X O Review of I am boundless, inc.
Boundless' term 'non-profit', is just code for cor...
Boundless' term 'non-profit', is just code for corporate-light. Administration needs to get their salaries, and that means admitting consumers inappropriately for services they don't need or are unfit for. How do you charge a family for speech services when they were getting dayhab before WITHOUT speech, because they're too old and will eventually go back to dayhab. Sounds like financial waste, but what do I know.
Admissions and clinic directors are essentially salesman, if that's the case. They'll put highly intense consumers in the wrong program because they don't have space in the correct program, thus exasperating frontline staff who don't have the resources/environment to treat them. Same thing with consumers who are too functional or not functional enough for the placement Boundless has assigned them to. We've watched multiple times where space is just being filled in a program to get that billing money. Not only are the consumers not a priority in this respect, but the staff are not either.
BT's are janitors, appointment schedulers, daycare, teachers, orderlies, security, trainers, therapists, and so much more. However, administration, billing, and managers are constantly giving them more responsibilities to do that other staff (such as the actual teachers) could do.
Management has NEVER resolved blocking off entire wings of buildings for one intense consumer, thus neglecting however many other kids are waiting to get back to work or instruction, keeping them from going home if their personal effects are blocked, cornering them in areas they can't leave from (to go the the bathroom/home/elsewhere), and forcing them to go outside with too few staff just to get to a needed area.

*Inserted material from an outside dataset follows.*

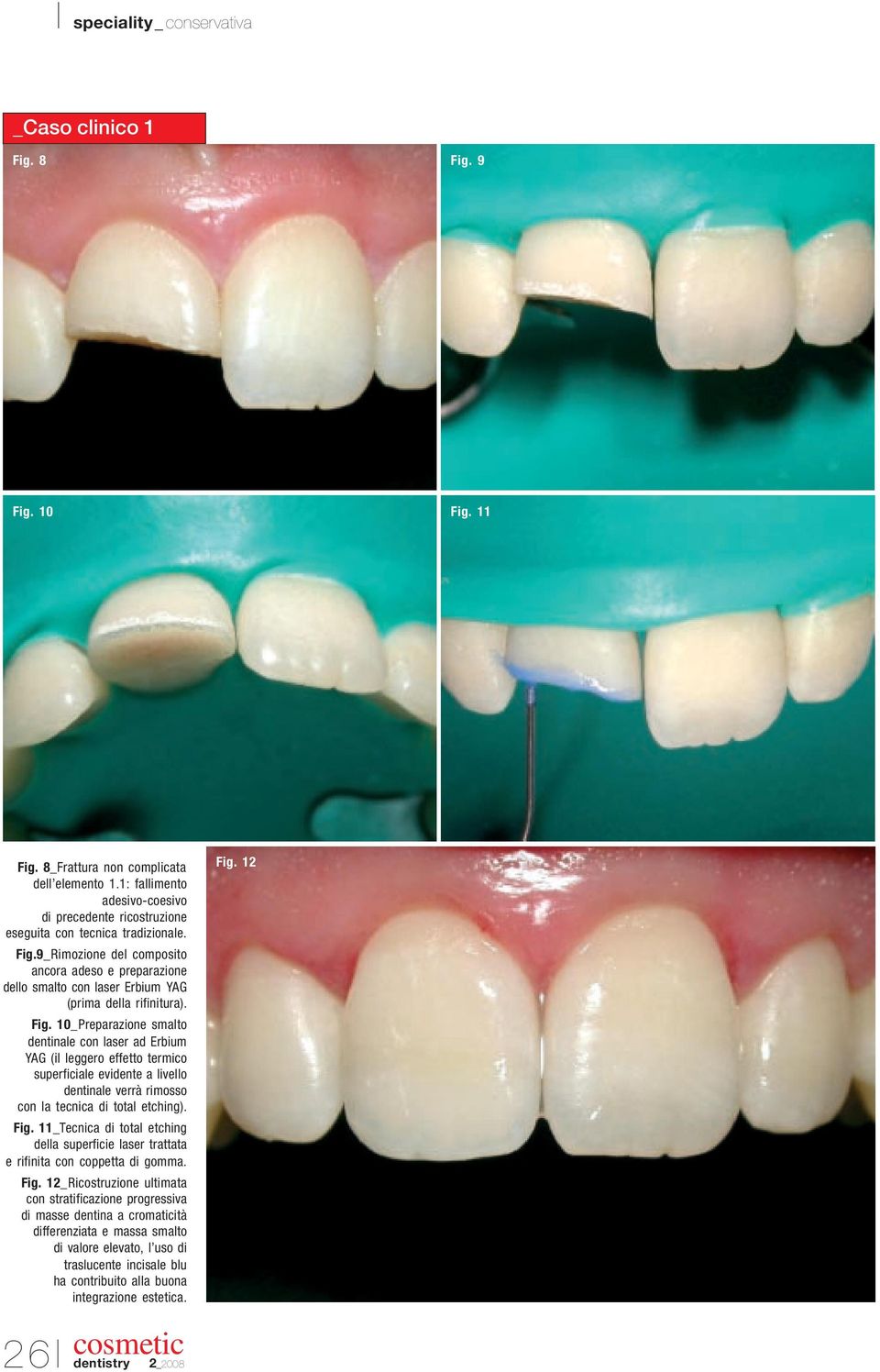 11_Tecnica di total etching della superficie laser trattata e rifinita con coppetta di gomma. Fig.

Work doesn't have to be hard to be work. Boundless disagrees (unless you're a consumer), especially if you're at the bottom rung of the corporate-light ladder. Managers take delegation to the extreme quite a bit, which might- MIGHT- be because they're overloaded with work themselves. If that's the case, then this is an upper management problem in not hiring enough managerial staff. It always comes back to money, and who gets what. Who is entitled to what.
You would think if there's a glove shortage, management would go out somewhere nearby to get some if staff are looking for them EVERY DAY just to be safe. Instead they wait for weeks/days to get them SHIPPED. Not particularly intuitive, or sanitary during a dangerous pandemic. Imagine if the parents found out...
Tell your manager your consumer's parents are dangerous and confrontational, and they'll tell you 'consumer first', 'there's no one else to do it ', 'they need you', and 'do your job'. Like appealing to staff's emotions trumps staff their need for basic safety. However, management has stated on numerous occasions that they have the freedom to refuse aggressive, confrontational, and noncompliant parents from their schedule. Ask a BA.
The double standards here are disrespectful and insulting to literally all of the unfortunate ADULT employees here that aren't management.
The employees are angry and tired, and it shows in their quality of work. Unfortunately, management may only write an employee up for making mistakes, not help them deal. That's not management, that's a machine.
Doughnuts, treats, and subpar counseling services don't make up for PTSD, OSHA violations, and general, brazen worker exploitation on the regular.